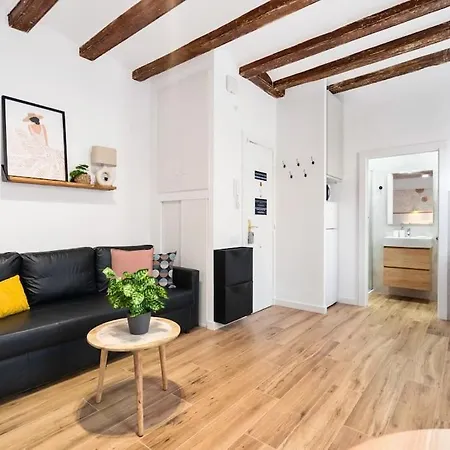 Almirall 32 Apartment Barcelona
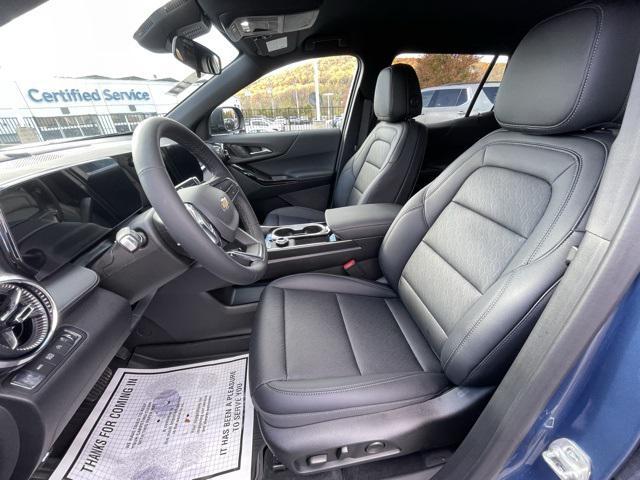 new 2026 Chevrolet Equinox car, priced at $33,295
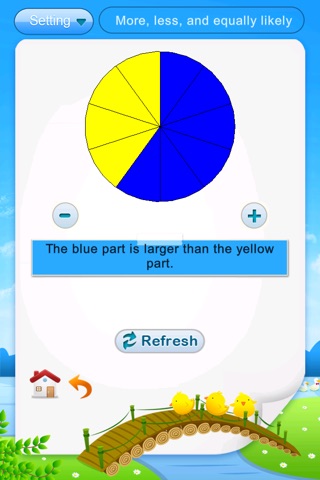 Probability and Statistics for 2nd grade screenshot 4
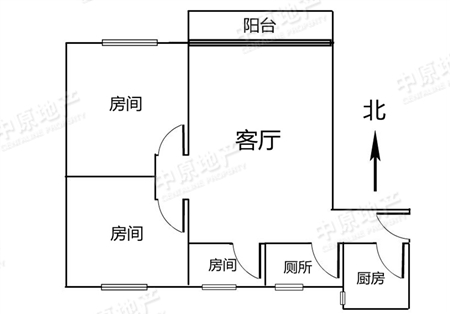 顺景雅苑-户型图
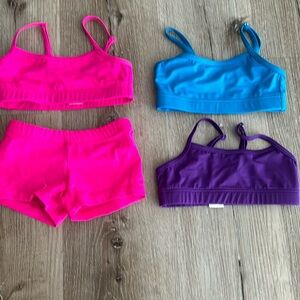 Balera Child dance set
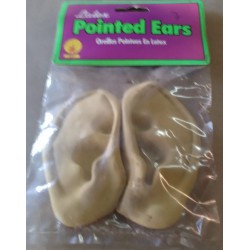 Oreilles pointues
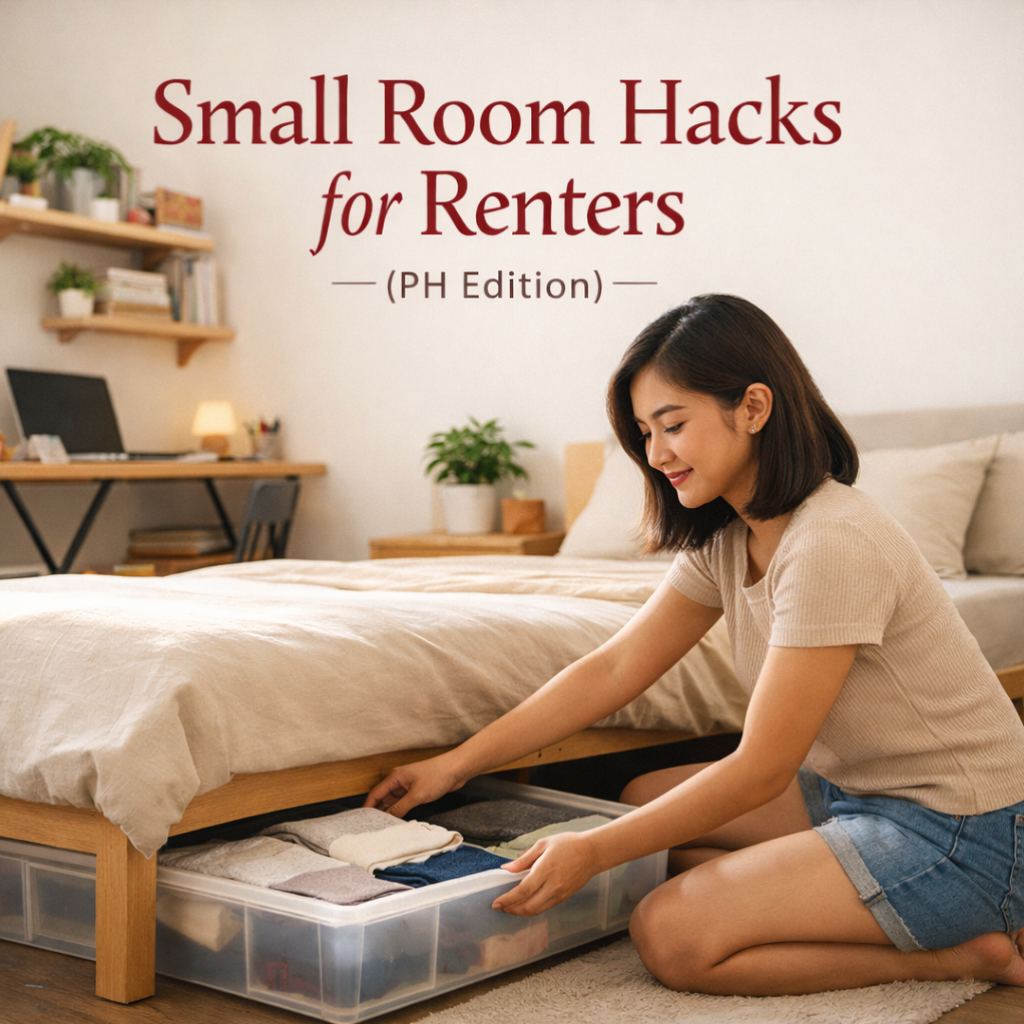 Small Room Hacks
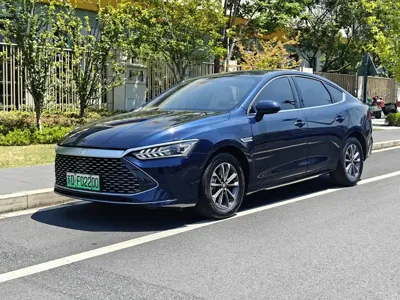 BYD Qin Plus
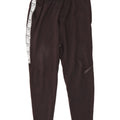 NIKE Herre Dri Fit grafisk træningsdragt Bukser Small Black Colourblock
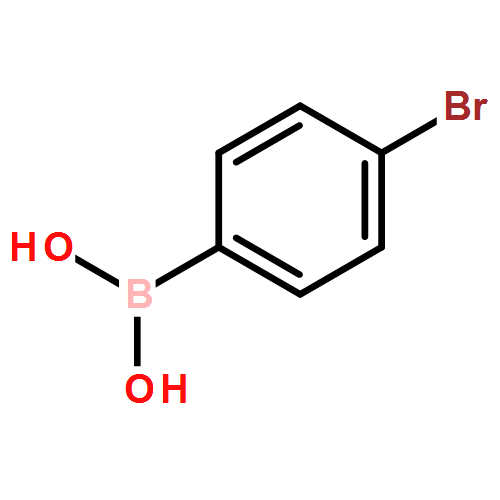 4-溴苯硼酸 4-溴苯硼酸
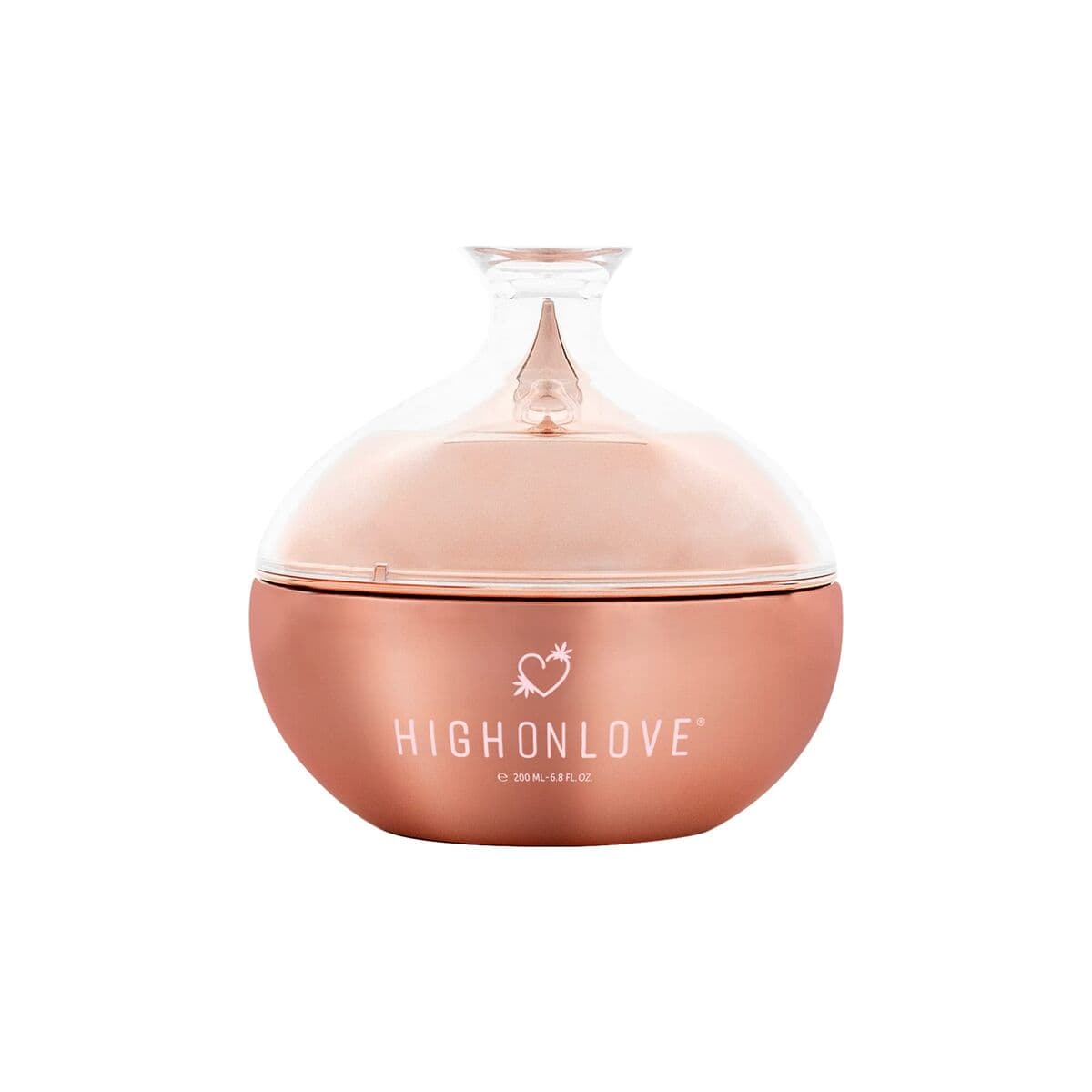 Körpercreme High on Love Cannabis 200 ml - Thumbnail 7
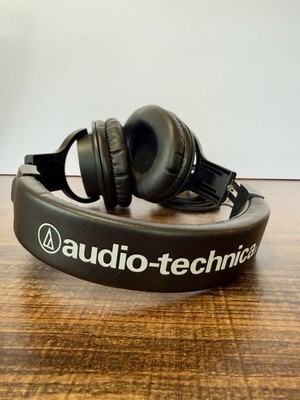 Audio-Technica ATH-M20x Professional Studio Monitor Headphones 3.5mm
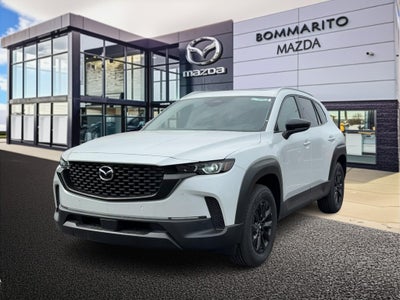 2026 Mazda Mazda CX-50 Hybrid Preferred AWD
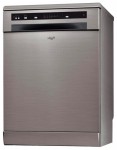 Whirlpool ADP 7453 IX Vaatwasser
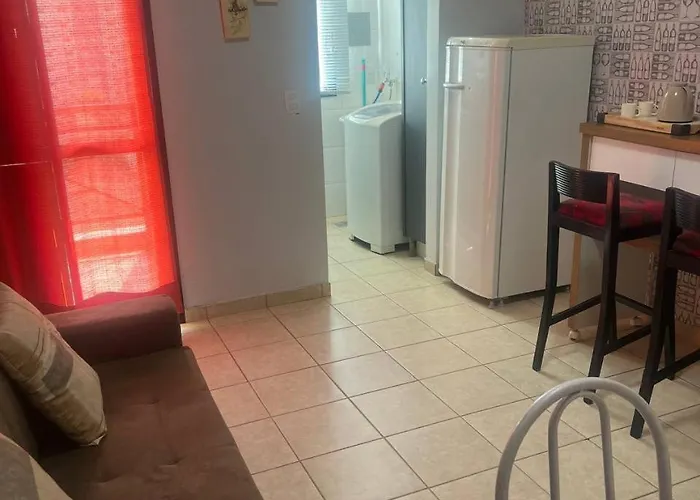 Apartamento Bela Vista Residence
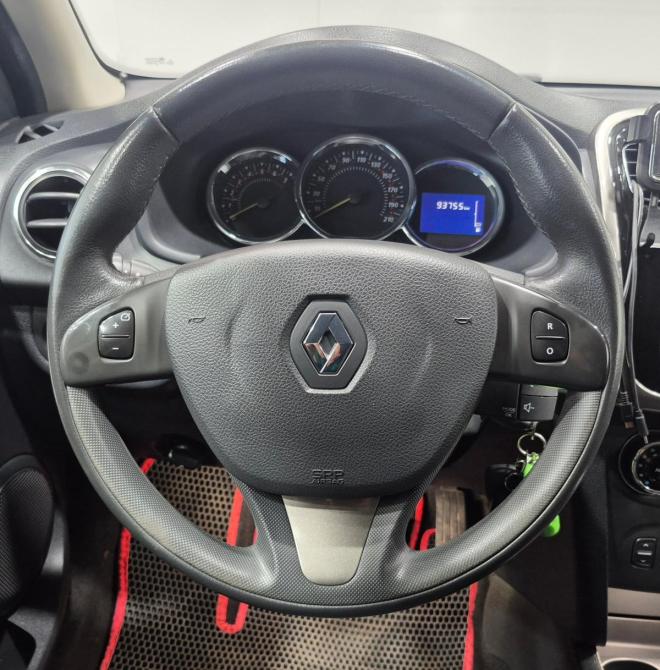 Renault Sandero II Воронеж  - изображение 11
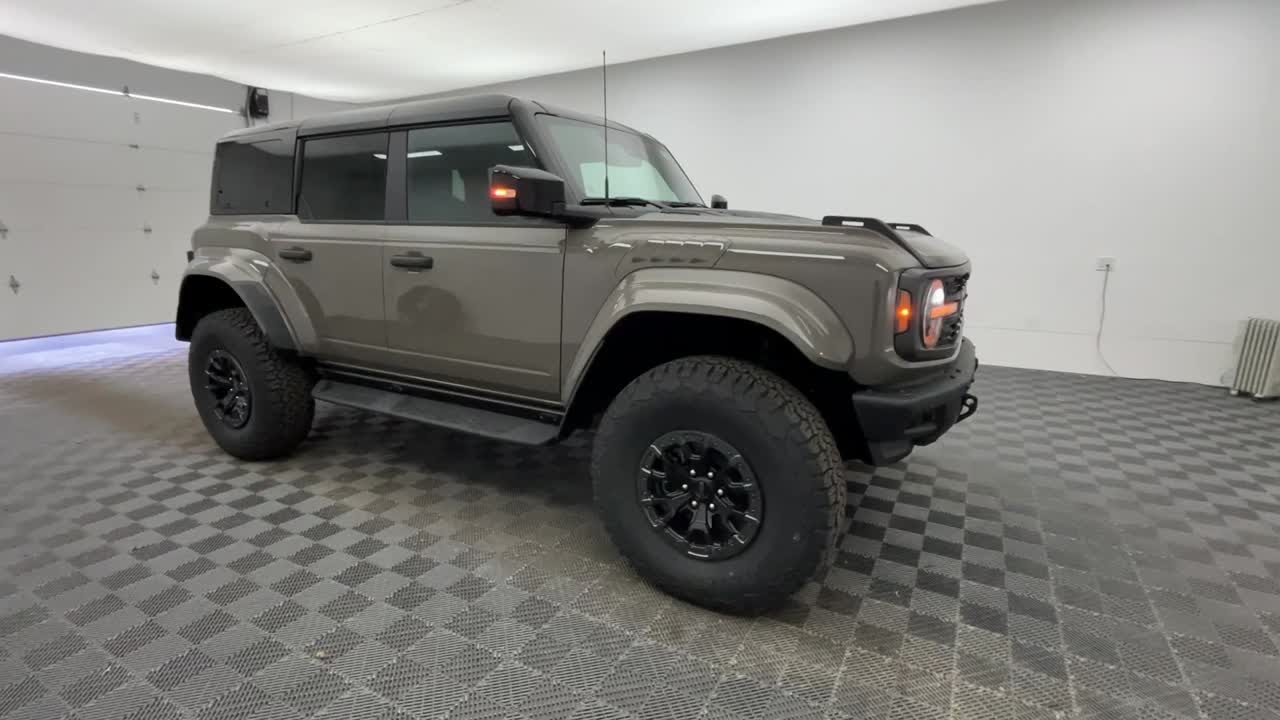 2025 Ford Bronco Raptor OH [SEO CITIES]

• Exercise instructions
Each line above should be returned exactly as it stands, minus any pictures.

• Response box
 Almirall 32 Apartment Barcelona
 new 2026 Chevrolet Equinox car, priced at $33,295
 Probability and Statistics for 2nd grade screenshot 4
 顺景雅苑-户型图
 Balera Child dance set
 Oreilles pointues
 Small Room Hacks
 BYD Qin Plus
 NIKE Herre Dri Fit grafisk træningsdragt Bukser Small Black Colourblock
 4-溴苯硼酸 4-溴苯硼酸
 Körpercreme High on Love Cannabis 200 ml - Thumbnail 7
 Audio-Technica ATH-M20x Professional Studio Monitor Headphones 3.5mm
 2026 Mazda Mazda CX-50 Hybrid Preferred AWD
 Whirlpool ADP 7453 IX Vaatwasser
 Apartamento Bela Vista Residence
 Renault Sandero II Воронеж  - изображение 11
 2025 Ford Bronco Raptor OH [SEO CITIES]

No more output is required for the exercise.